When Assemblyman Rod Wright cut short a committee hearing last August, he said lawmakers needed more time to study a complicated utility bailout plan before voting on it.

But Wright, chairman of the Assembly’s energy committee, didn’t spend that evening studying the bill.

Instead, consumer activists followed him to a Sacramento steakhouse and a $5,000-a-person fund-raising dinner for one of Wright’s campaign committees, an event that Wright advertised as one that would allow contributors to exploit a loophole in fund-raising limits voters approved last year.

The activists’ interest let Wright know they were watching what he was doing outside the Legislature as well as inside, said Carmen Balber, organizing director for the Foundation for Taxpayer and Consumer Rights.

Wright’s fund-raising activities have received more scrutiny since he took over the special committee that considered legislation generated by this year’s energy crisis.

A Democrat from South Central Los Angeles, Wright is barred by term limits from seeking another Assembly term, and he isn’t running for the state Senate in 2002.

But an Associated Press analysis of his campaign accounts show Wright’s still pulling in donations from a wide range of interest groups that lobby at the Capitol, including tobacco and energy companies that some politicians shun.

Also, since the start of last year, when Wright’s either faced token opposition or had no upcoming race to run, he spent at least $51,000 for meals and travels, including a trip to Cuba and a stay at a posh hotel in Rome.

On a November 2000 trip to South Africa paid for by a foundation supported in part by energy companies, Wright used campaign funds to buy $7,085 in jewelry that he said was “campaign paraphernalia.” He declined to elaborate.

A number of the travel expenditures on Wright’s campaign finance reports have no destination listed and the meals are typically described as meetings or miscellaneous expenditures.

“If I put it on the campaign report I suspect that it was politically related or campaign related or government related,” Wright said. “If it wasn’t I wouldn’t put it on there.”

Campaign finance reports just have to list an expenditure under a general category, such as candidate travel, instead of providing a detailed explanation, said Sigrid Bathen, a spokeswoman for the state’s Fair Political Practices Commission.

Besides his own campaign committees, Wright has close ties to two other fund-raising operations, the Black Leadership Political Action Committee and Californians in Action, which have raised funds from some of the same donors as Wright and funneled money to other Democratic candidates.

Wright hasn’t revealed how much the Aug. 28 dinner raised, but a check of campaign donation reports filed by some of his earlier contributors found five that gave him at least $5,000 in late August or in September.

His campaign treasurer, David Gould, says Wright isn’t required to disclose the donations until January because he isn’t planning to run for office next year.

But the secretary of state’s office and the Fair Political Practices Commission say a legislator must disclose donations of $5,000 or more within 10 days under a law that took effect Sept. 4, even if the lawmaker isn’t running for office at the moment.

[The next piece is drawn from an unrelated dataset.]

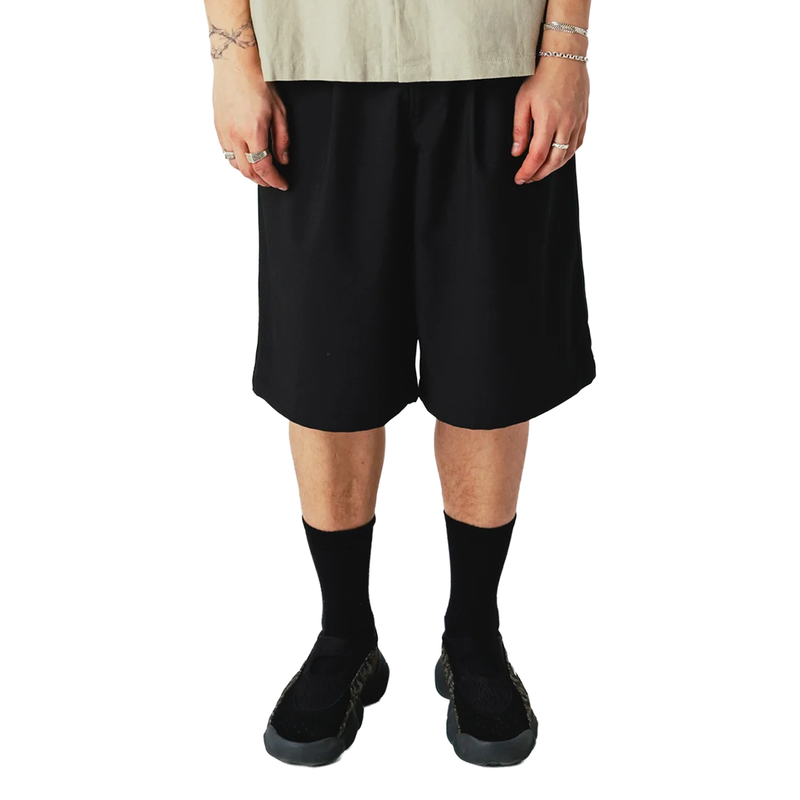 WBBIN GUAN SHORTS BLACK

The Sempra and California Cable Television donations were made after Sept. 4.

“The FPPC explains that an officeholder is considered to be a candidate for office until they leave office,” said Alfie Charles, a spokesman for Secretary of State Bill Jones, California’s top elections official.

Sempra Energy gave Wright $10,000 this summer, said company spokesman Doug Kline, because “he’s still very involved in important legislation and we support him in that role.”

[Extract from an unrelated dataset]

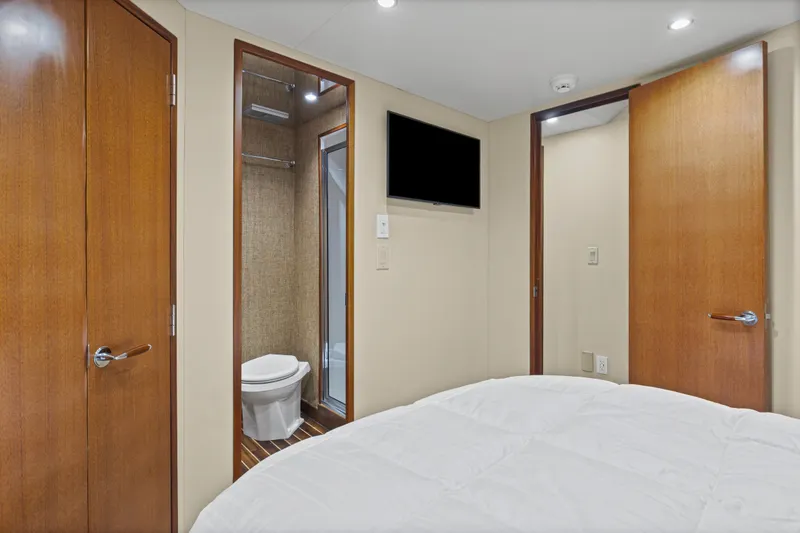 Blacksmith Yacht Photos Pics Interior of 2008 Hatteras 60 Convertible yacht with bedroom and ensuite bathroom.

The other four donors – Pacific Bell, BP Amoco, the California Cable Television Association and the California Telephone Association – gave $5,000 each.

Wright, who represents an overwhelmingly Democratic district, says he takes money from “anyone who can legally give it” and sees no downside in accepting donations from interests that some politicians consider taboo.

“The more appropriate thing to me is to ask them why they don’t” accept the donations, he said.

Dermot Givens, a former Wright aide, said the assemblyman views the controversial donations as “kind of his ace in the hole in any competitive race that he would have, a pool of money no other black official would touch.”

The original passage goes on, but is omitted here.